** Opening DATA FOR ANALYSIS block **
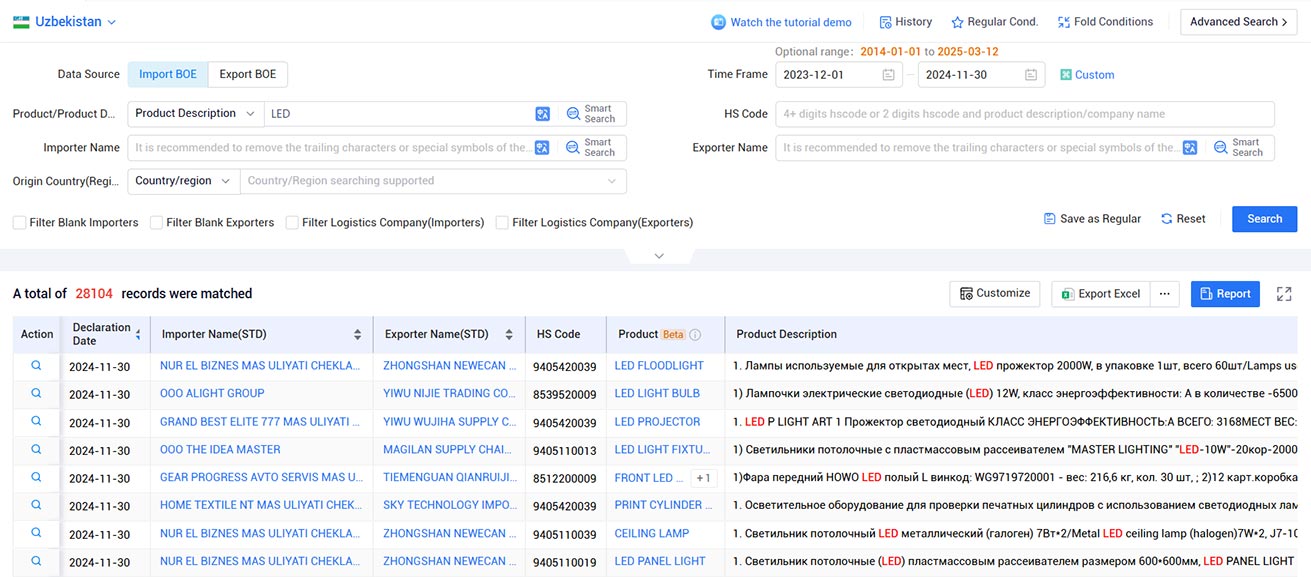 trade data,global trade data,uzbekistan trade data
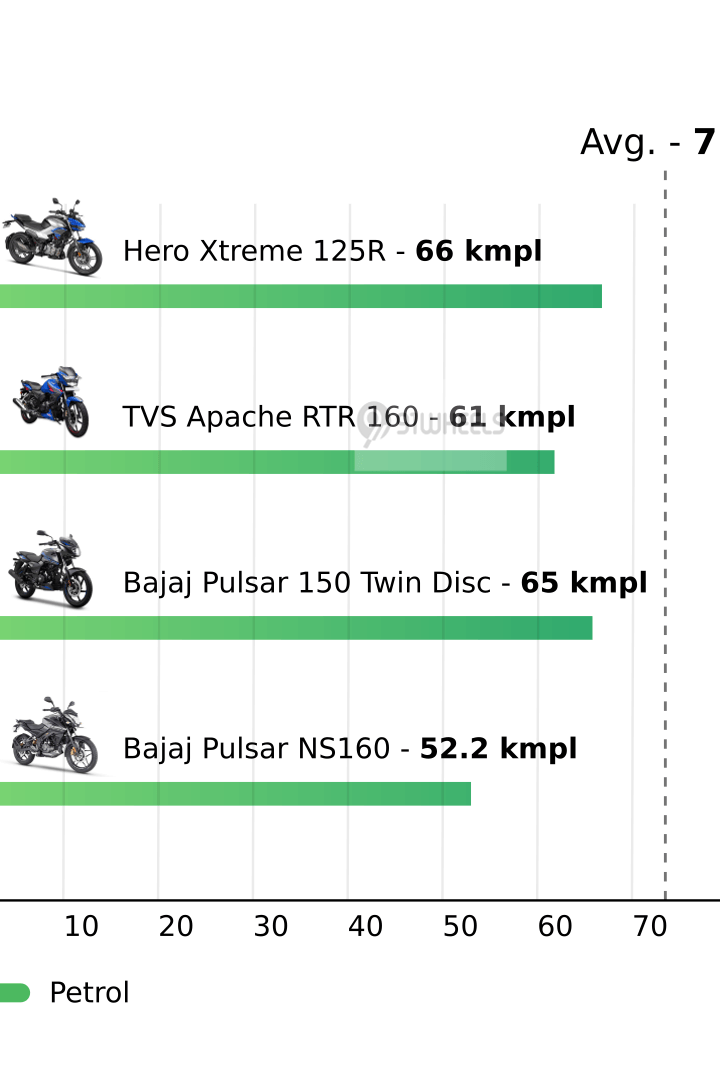Mileage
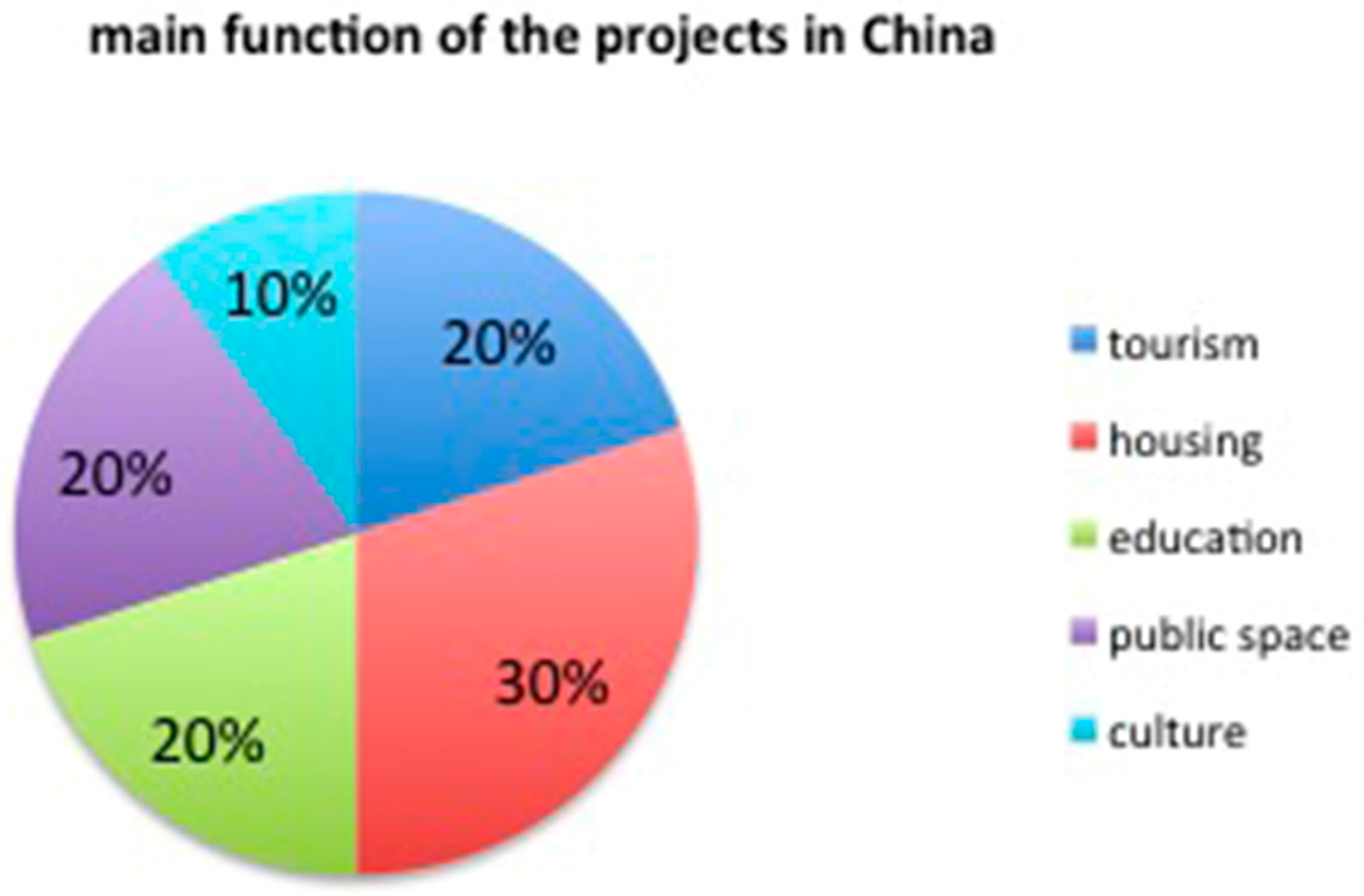 Sustainability 09 00537 g010
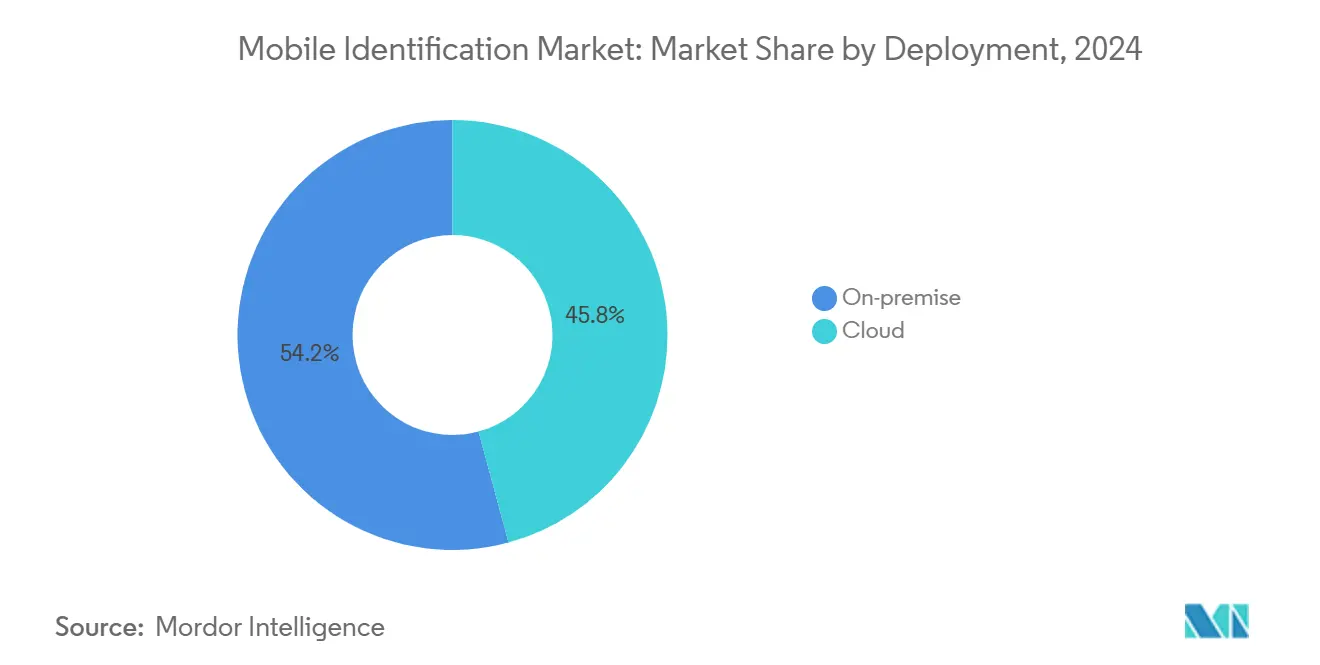 Mobile Identification Market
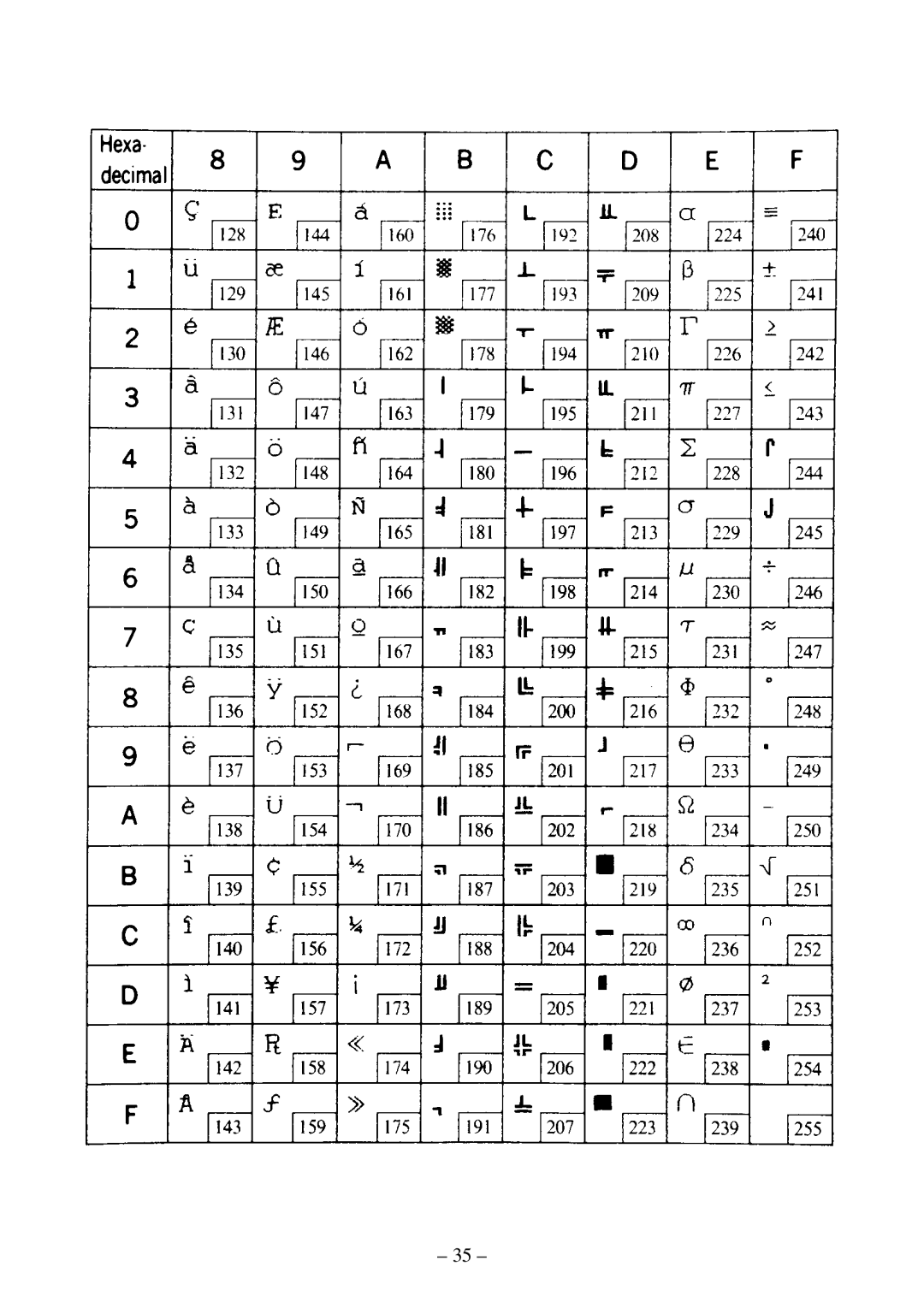 Star Micronics DP8340 user manual 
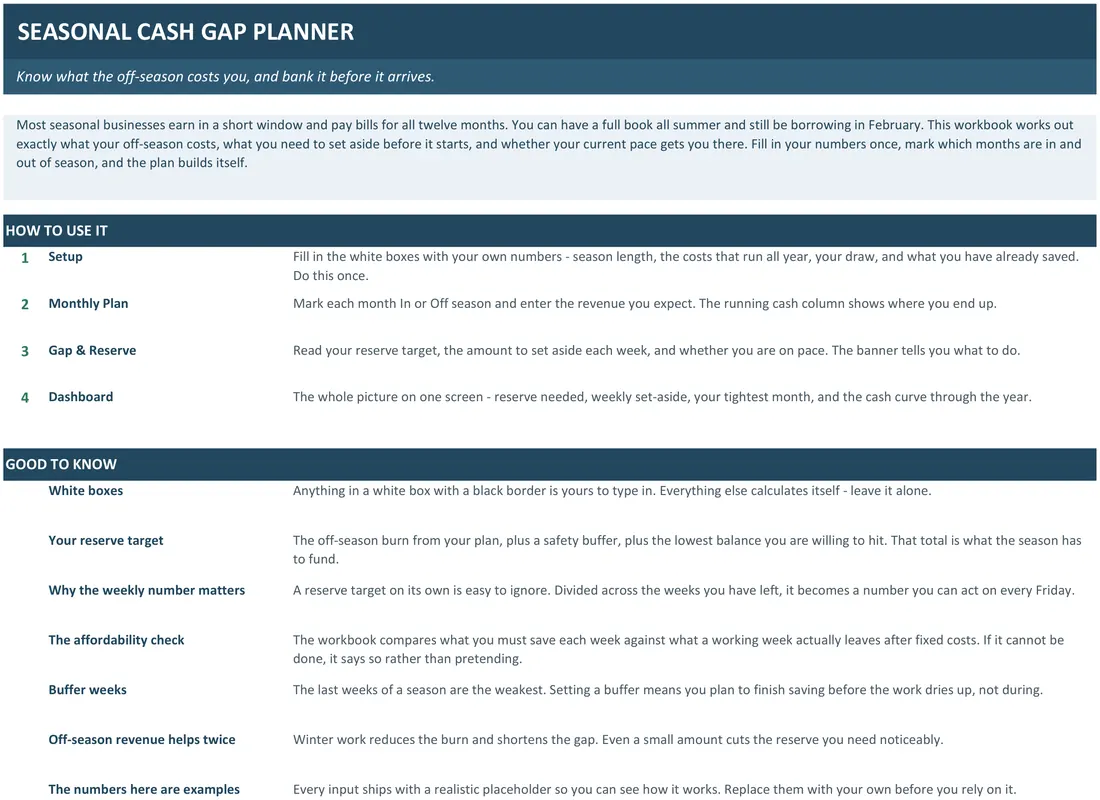 Seasonal Cash Gap Planner screenshot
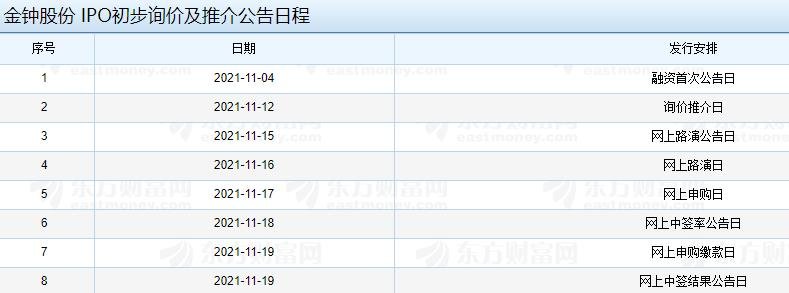 金钟股份IPO初步询价及推介公告日程.jpg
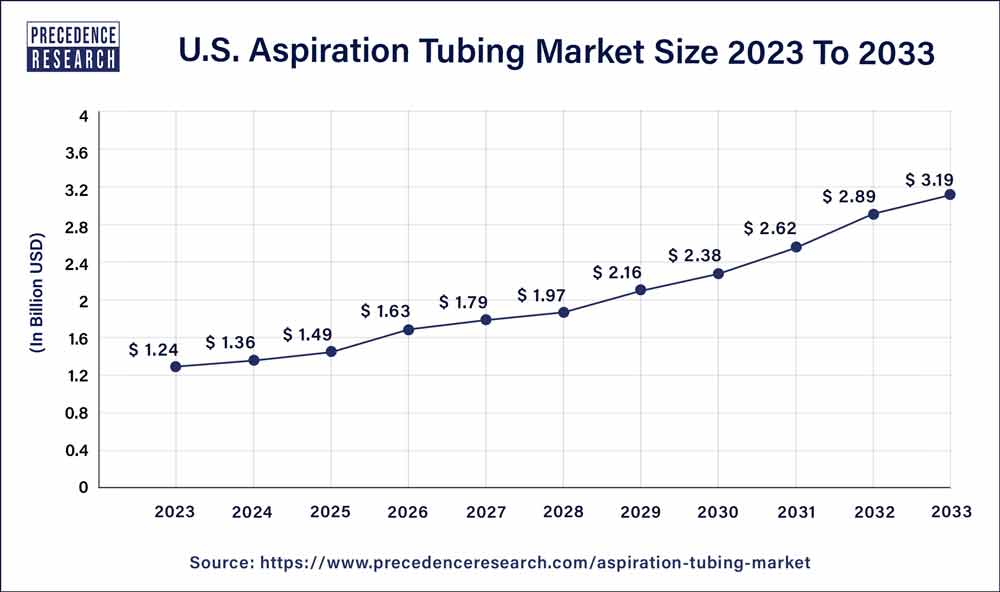 U.S. Aspiration Tubing Market Size 2024 To 2033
** Closing DATA FOR ANALYSIS block **
Every line of the records above should be reproduced exactly, with no pictures included.

 trade data,global trade data,uzbekistan trade data
Mileage
 Sustainability 09 00537 g010
 Mobile Identification Market
 Star Micronics DP8340 user manual 
 Seasonal Cash Gap Planner screenshot
 金钟股份IPO初步询价及推介公告日程.jpg
 U.S. Aspiration Tubing Market Size 2024 To 2033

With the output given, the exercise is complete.